In this assignment you will implement a C++ program that trains a POS tagger with simple feedforward neural network. Since this is not a programming course, the objective of this assignment is focused on the AI research methodology instead of crazy programming skills. So, a library for training feedforward neural network has been provided to you to make life easier, while you will focus on enjoying the fun part of AI research.
You need to complete this assignment on CSE Lab2 Machine. You don't necessarily need to go to the physical lab in person (although you could). CSE Lab2 has 54 machines, which you can remotely log into with your CSE account. Their hostnames range from csl2wk00.cse.ust.hk to csl2wk53.cse.ust.hk. Create your project under your home directory which is shared among all the CSE Lab2 machines. Your home directory has a storage limit of 100MB, which is enough for you to do this assignment.
For non-CSE students, visit the following link to create your CSE account. https://password.cse.ust.hk:8443/pass.html
In the registration form, there are three "Set the password of" checkboxes.

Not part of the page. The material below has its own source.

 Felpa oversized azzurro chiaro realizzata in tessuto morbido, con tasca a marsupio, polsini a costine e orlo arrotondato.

Please check the second and the third checkboxes.
Please download the starting pack (version 3), and unzip it to your home directory on CSE Lab2 machine. This starting pack contains the skeleton code, the neural network library and the dataset. The starting pack has the following structure:
assignment1/ ├── include/ │ └── token_feedforward_classifier.hpp ├── lib/ │ └── libtoken_feedforward_classifier.a └── src/ ├── report.txt (your report goes here) ├── assignment.cpp (your code goes here) ├── traindata.xml ├── devdata.xml ├── assignment.hpp ├── main.cpp ├── obj/ └── makefile
The only two file you need to touch is report.txt and assignment.cpp. Please do not touch other files.

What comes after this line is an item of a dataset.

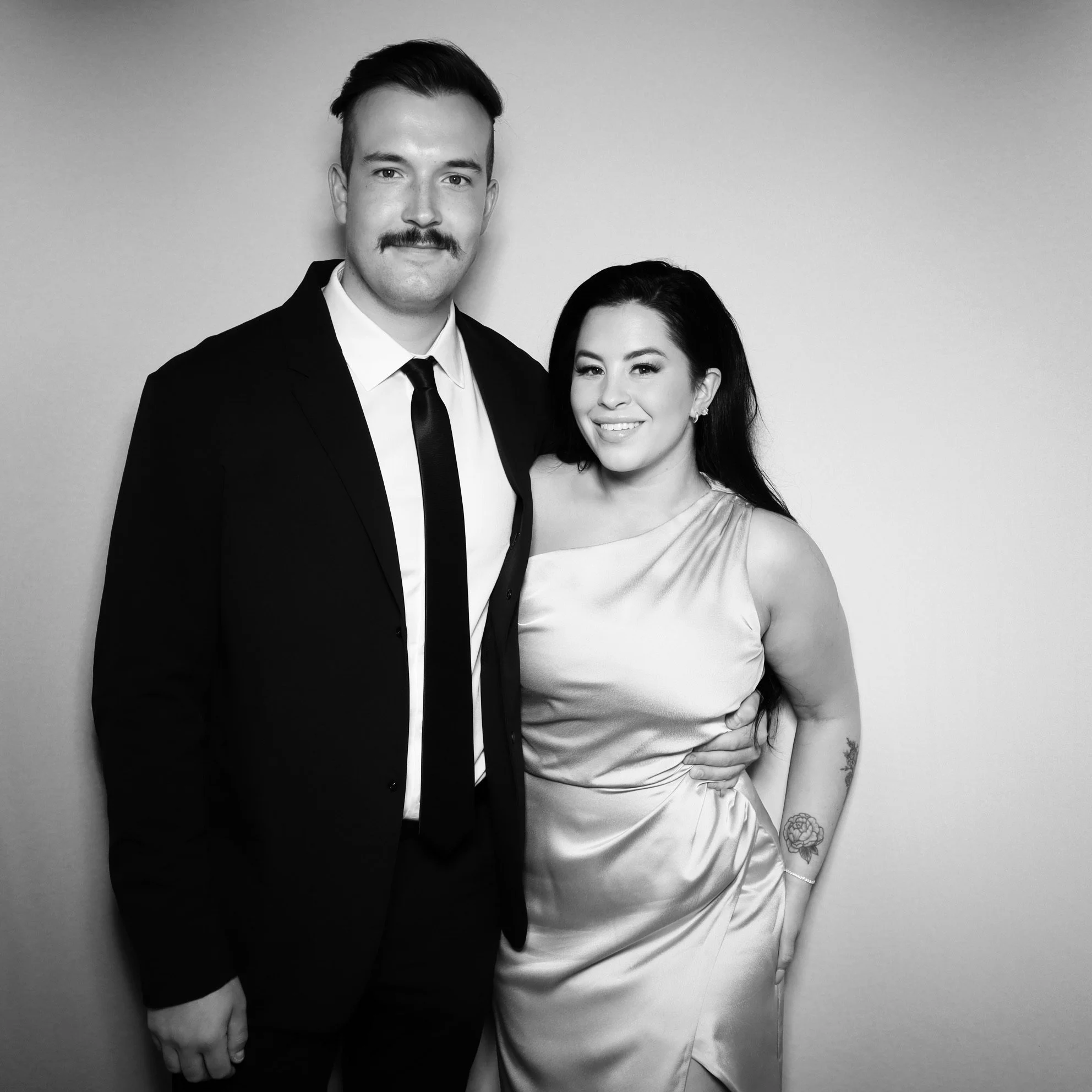 Black-and-white photo of a man in a suit and a woman in a dress, standing close together and smiling at the camera.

After you unzip the starting pack, go into its src directory and run make. This is what you will get:
csl2wk14:yyanaa:106> make g++8 -c -o obj/assignment.o assignment.cpp -std=c++17 -I../include -L../lib -ltoken_feedforward_classifier assignment.cpp: In function ‘std::vector<std::__cxx11::basic_string<char> > test(const std::vector<std::__cxx11::basic_string<char> >&)’: assignment.cpp:45:1: warning: no return statement in function returning non-void [-Wreturn-type] } ^ g++8 -o main -std=c++17 -I../include -L../lib main.cpp obj/assignment.o -ltoken_feedforward_classifier
As you can see, the compiler is complaining that some function does not have a return statement. This is as expected, because it is your assignment to implement that function. But anyway, the compiler generates a binary called main in this src directory.
csl2wk14:yyanaa:107> ls
assignment.cpp assignment.hpp devdata.xml main main.cpp makefile obj traindata.xml
Although running this binary will throw an error for now, but the existence of this binary indicates that your development is good to go.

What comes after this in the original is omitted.